"Lying in Wait" - An American Alligator Peering Through Foliage at Water's Edge, Everglades National Park, Florida

I feel like a fantastic Euro-fotog posting this image. Wildlife Photographer of the Year, here I come! Seriously though, isn't it interesting how common this technique of shooting through foliage to create dreamlike blurry-edged wildlife portraits is among the European photography community, and how it doesn't seem to be utilized nearly as much elsewhere (like here in the United States)? By the way, please don't take that the wrong way. I admire those guys. I admire the hell out of them. It's an inspiring, beautiful, and artful technique. Here is my humble contribution.

"Lying in Wait" - An American alligator peers through foliage at water's edge. Everglades National Park, Florida.

About the image: By using a relatively long 400mm lens with low depth of field I attempted to create some kind of primal fear within the viewer as if the alligator were hunting them. I quite like gators, so it doesn't really work on me, but then I like snakes too. Weird, I know.

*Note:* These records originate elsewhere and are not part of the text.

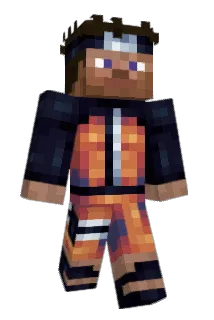 kolyila Minecraft avatar full body
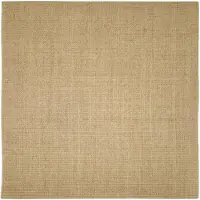 vidaXL Tapis en sisal pour arbre à chat 100x100 cm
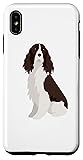 iPhone XS Max English Springer Spaniel Dog Case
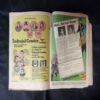(INDRAJAL COMICS) (SINGLE BINDING 10 IN 1), 1.>THE STRANGLER'S TRAP, 2.>THE SMUGGLER'S RING (PART-1), 3.>THE SMUGGLER'S RING (PART-2), 4.>THE HORROR DUNGEONS, 5.>THE MAGIC SWORD, 6.>THE CALL OF THE JUNGLE, 7.>THE DRAGONS', 8.>THE BROKEN STRINGS, 9.>ALEENA THE ENCHANTRESS (PART-1), 10.>ALEENA THE ENCHANTRESS (PART-2)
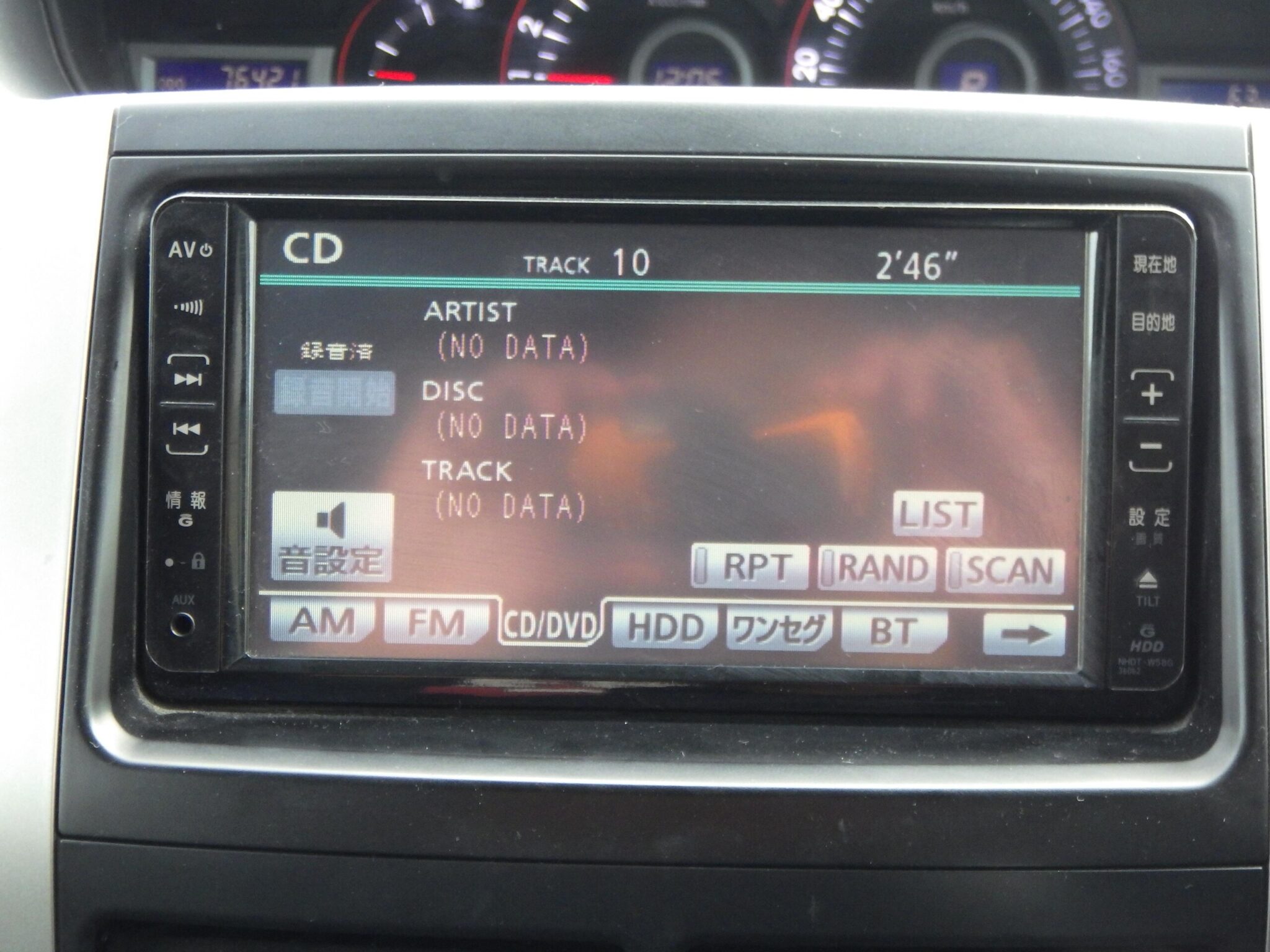 トヨタ ヴォクシーの画像12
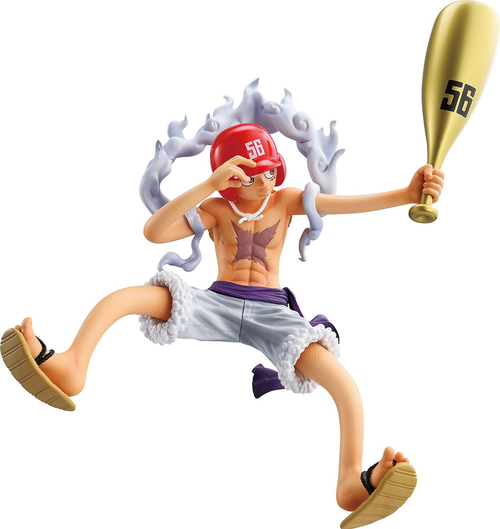 One Piece: Masterlise Expiece Figure - Monkey.D.Luffy Gear 5 Baseball Ver. (The Future of Imagination)(105149937)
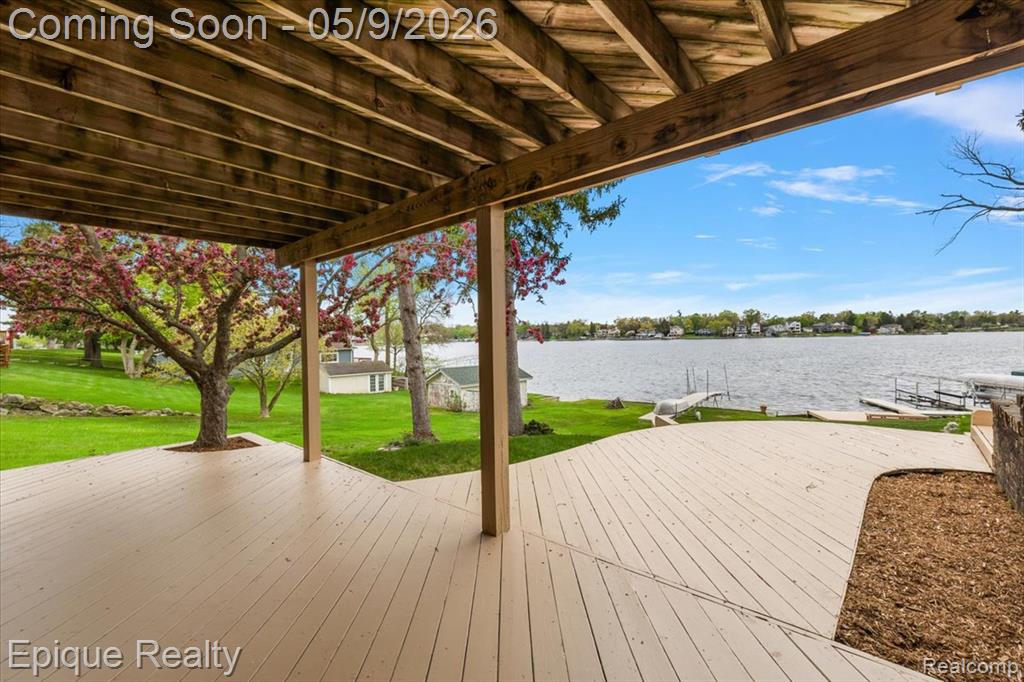 4521 Parnell Drive, Clarkston, MI — Photo 47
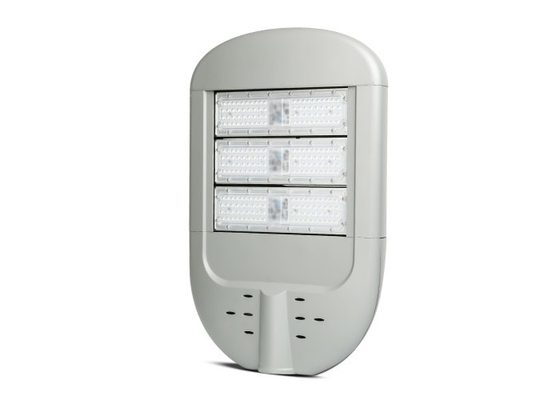 الجهد العالي AC180-300V أدى ضوء الشارع لمبات IP65 الدافئة الأبيض 150W رقاقة SMD3030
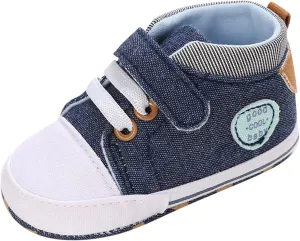 Spring and Summer Children Baby Infant Shoes Boys and Girls Flat Soles Light Soft Comfortable Infants Shoes for Boys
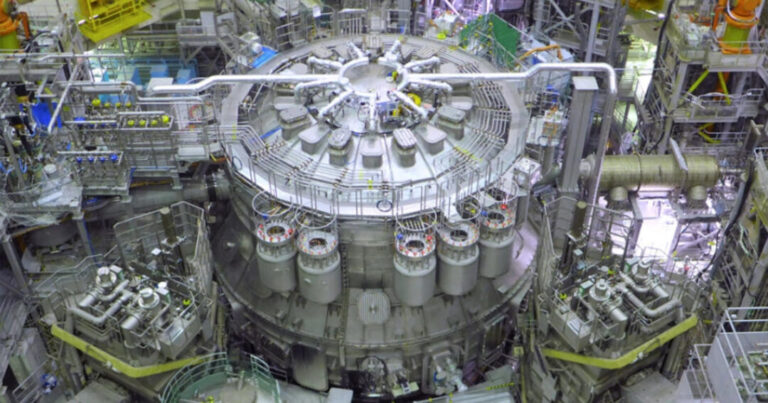 Japan pustio u eksperimentalni pogon najveći nuklearni fuzijski reaktor na svijetu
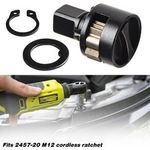 For Milwaukee 42-06-1030 3/8" M12 Ratchet Head Anvil Service Kit for 2457-20 New
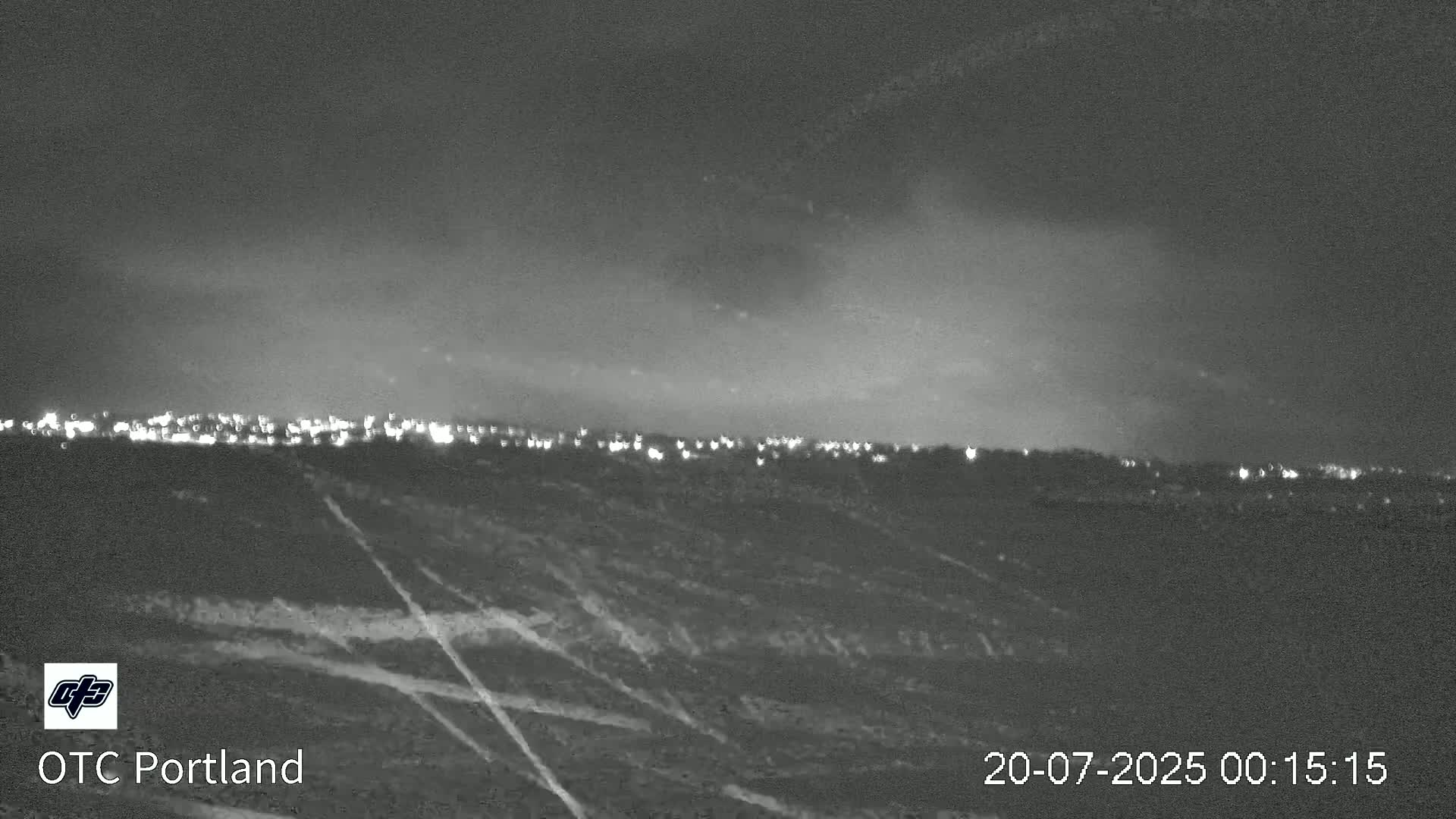 Portland Island Harbour & Weymouth City Live Cam - Portland, Dorset, Sout West, England, United Kingdom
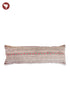 20s Cotton Lumber Cushion Cover in Floral Block Print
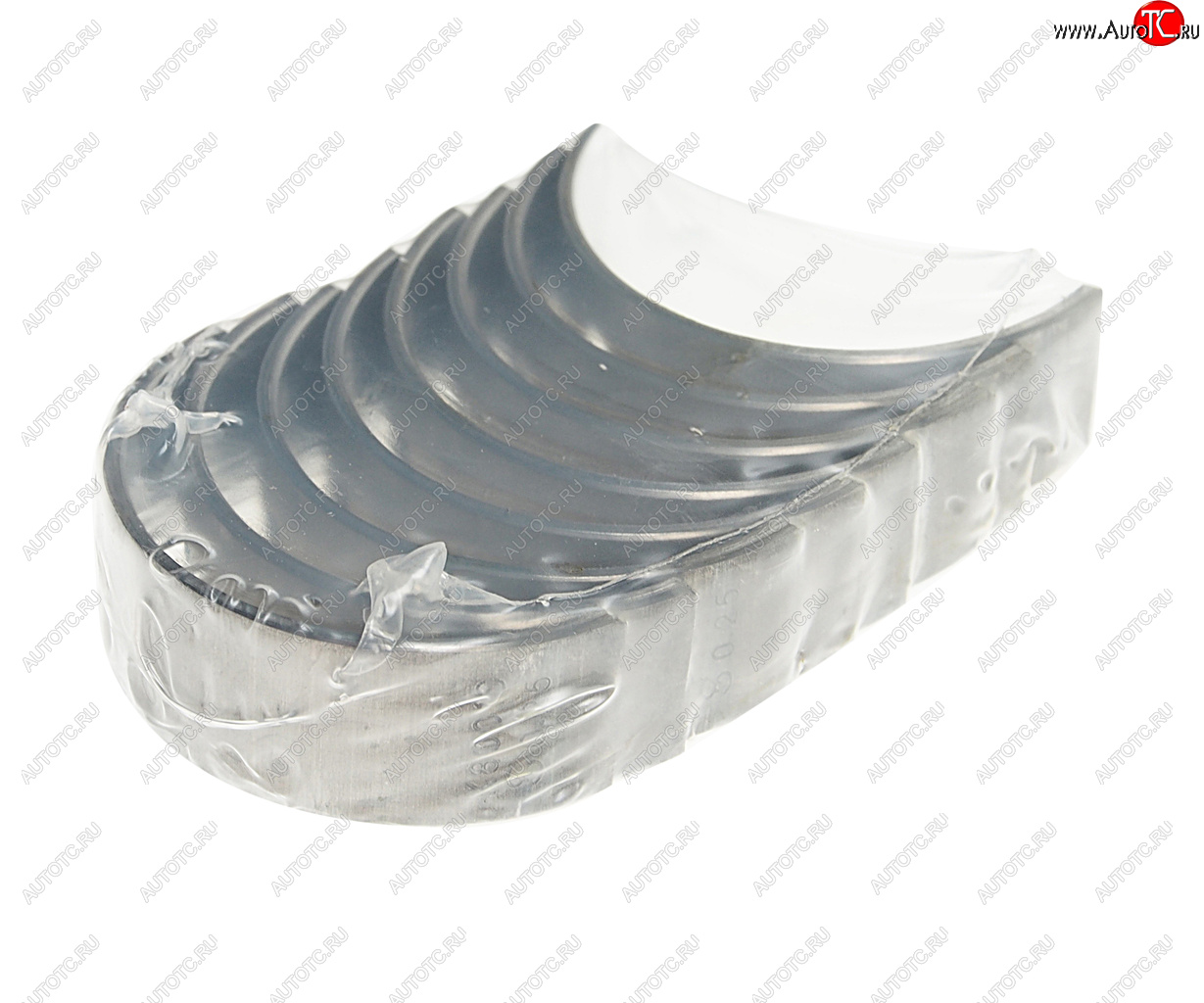 879 р. Вкладыши DAEWOO Nexia (95-) шатунные d+0.25 комплект (8шт.) NSP NSP nsp0193742708  с доставкой в г. Керчь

Anyways, I carefully selected an aperture of f/10 here to keep the foliage out of focus, while trying to get as much depth of field as possible so that at least some of the snout was reasonably in focus. If I had shot this image at f/5.6., the nose would have been much softer. Unacceptable soft. Additionally, the foliage would have been more uniformly green without the subtle changes in tone that is made possible here by bringing them in focus just a touch with a slightly smaller aperture.  

Techs: Canon 7D, Canon 400 f/5.6. 1/50th second, f/10, ISO 800. Tripod.